INSTRUCTIONS FOR THE TASK ->
Of the lines in the material below, print only those from the one containing "Casa in vendita a Municipio 1, Puglia" to the one containing "Peugeot e-2008 100Kw Allure 50Kwh White #5", ends included, exactly as written and without pictures.

START DATA FOR PROCESSING

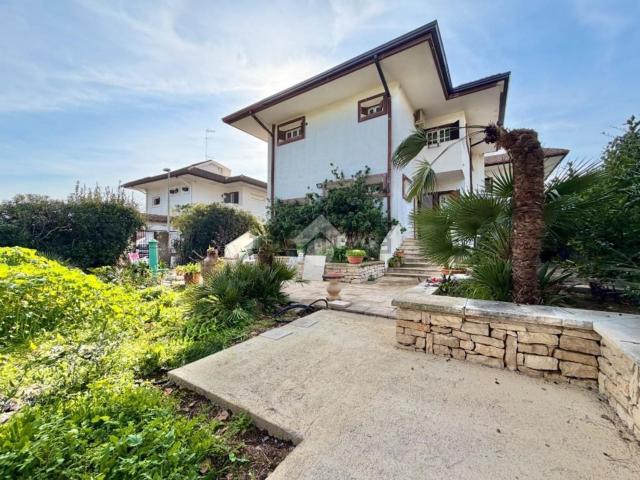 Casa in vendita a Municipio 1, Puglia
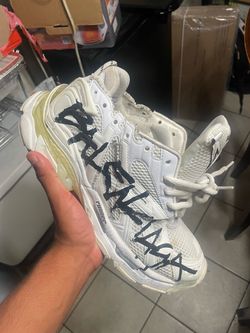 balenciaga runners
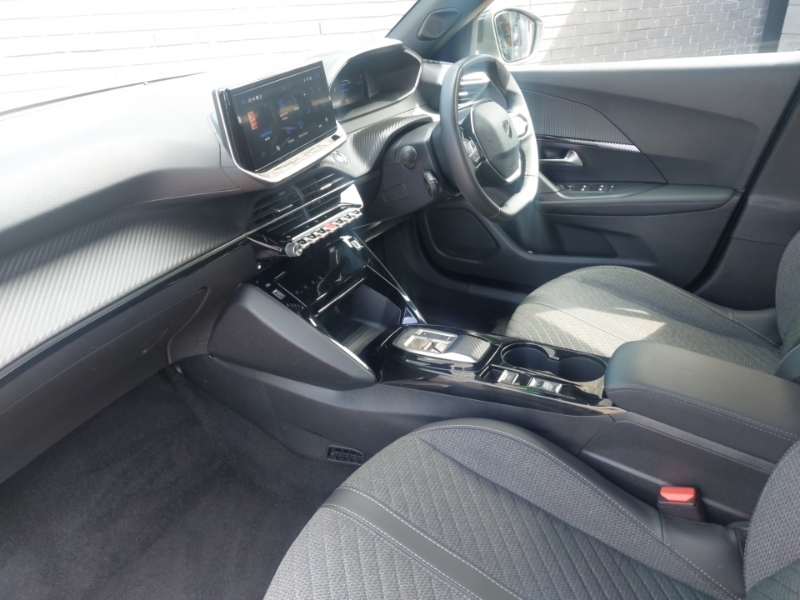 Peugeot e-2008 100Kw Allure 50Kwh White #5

END DATA FOR PROCESSING
START DATA FOR PROCESSING

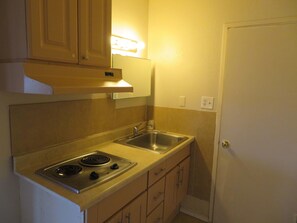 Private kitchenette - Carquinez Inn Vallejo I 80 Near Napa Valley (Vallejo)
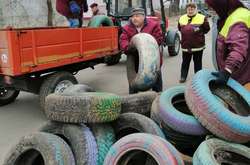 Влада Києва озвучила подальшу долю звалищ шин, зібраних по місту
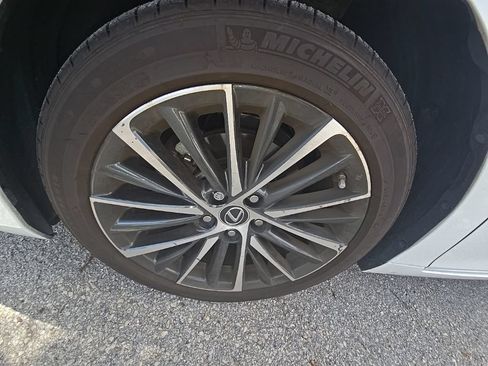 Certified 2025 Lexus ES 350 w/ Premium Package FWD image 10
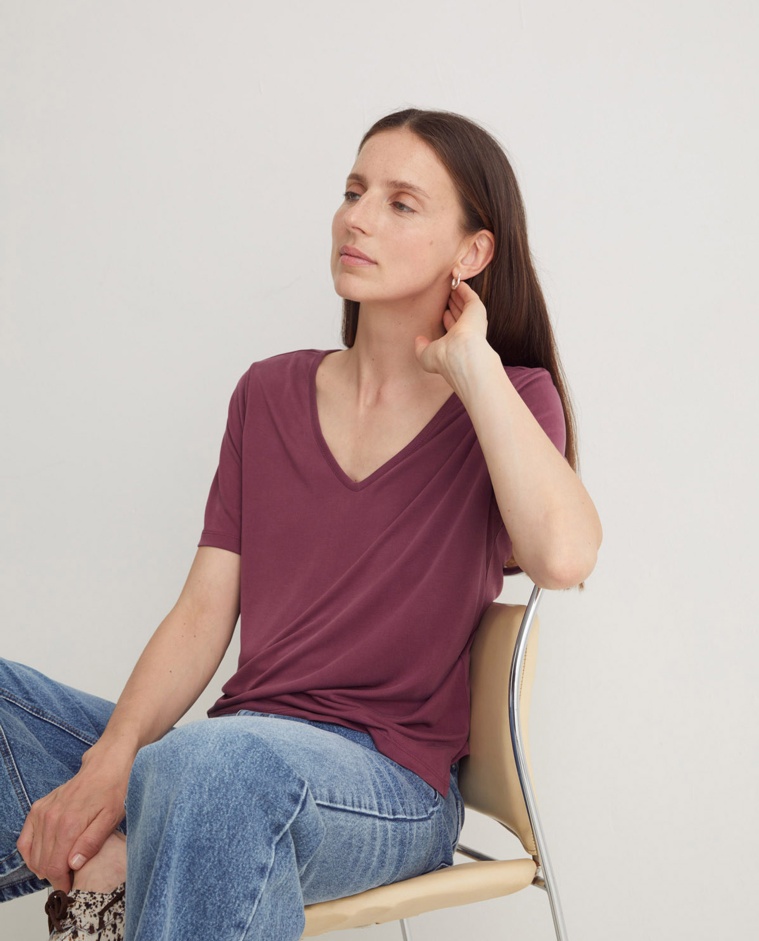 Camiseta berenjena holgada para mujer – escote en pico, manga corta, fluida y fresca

END DATA FOR PROCESSING

WRITTEN SOLUTION ->
 Casa in vendita a Municipio 1, Puglia
 balenciaga runners
 Peugeot e-2008 100Kw Allure 50Kwh White #5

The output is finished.